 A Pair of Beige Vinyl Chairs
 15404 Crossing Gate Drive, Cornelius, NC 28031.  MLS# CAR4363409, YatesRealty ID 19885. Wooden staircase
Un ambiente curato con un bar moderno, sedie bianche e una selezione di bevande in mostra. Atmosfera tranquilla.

==

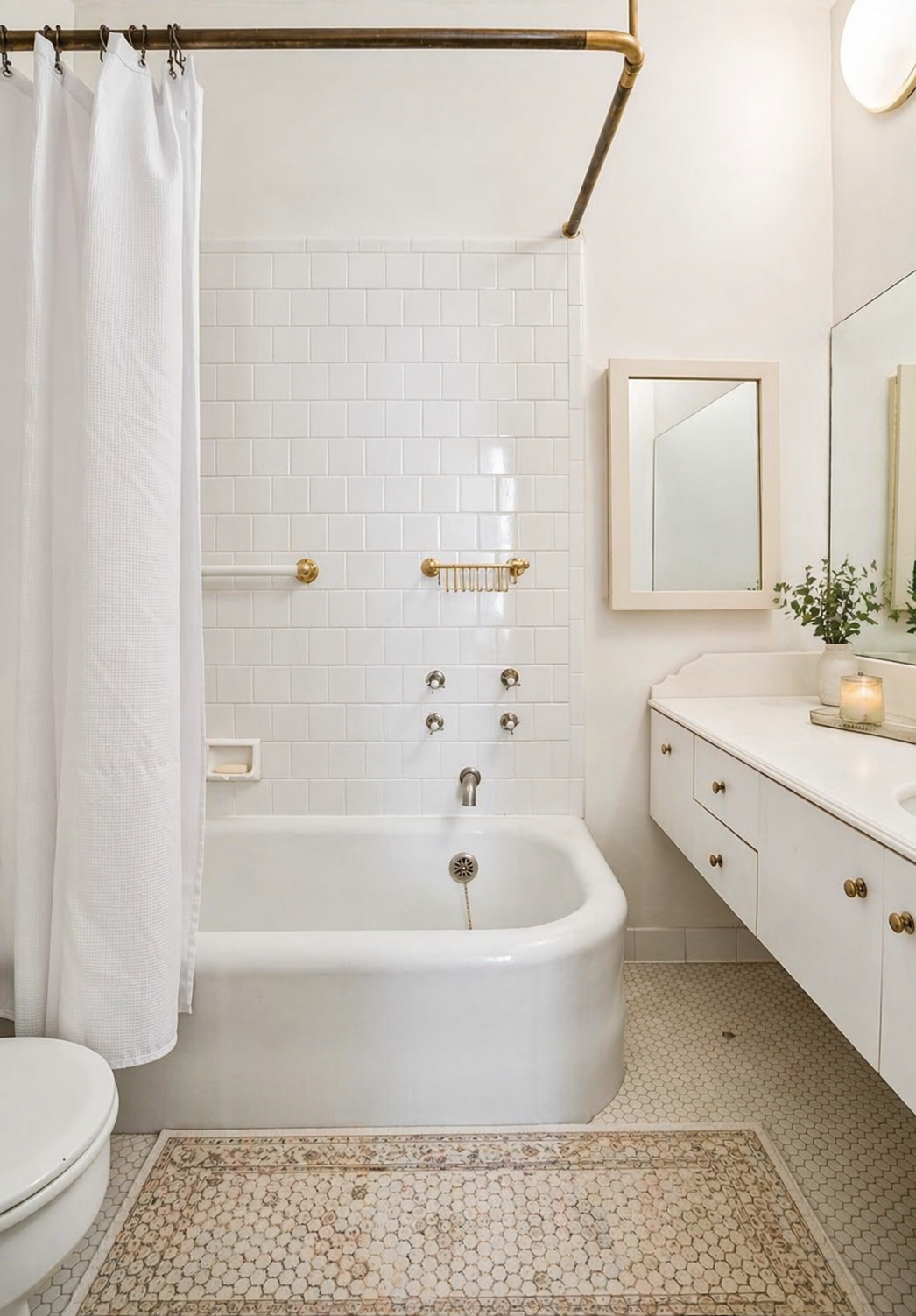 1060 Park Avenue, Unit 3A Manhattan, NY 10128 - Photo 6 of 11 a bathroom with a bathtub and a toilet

__YOUR GOAL__: In the listing above, locate the line containing "A Pair of Beige Vinyl Chairs" and the line containing "Un ambiente curato", then transcribe both and every line between them verbatim.

__ANSWER FOR THIS EXERCISE__:
 A Pair of Beige Vinyl Chairs
 15404 Crossing Gate Drive, Cornelius, NC 28031.  MLS# CAR4363409, YatesRealty ID 19885. Wooden staircase
Un ambiente curato con un bar moderno, sedie bianche e una selezione di bevande in mostra. Atmosfera tranquilla.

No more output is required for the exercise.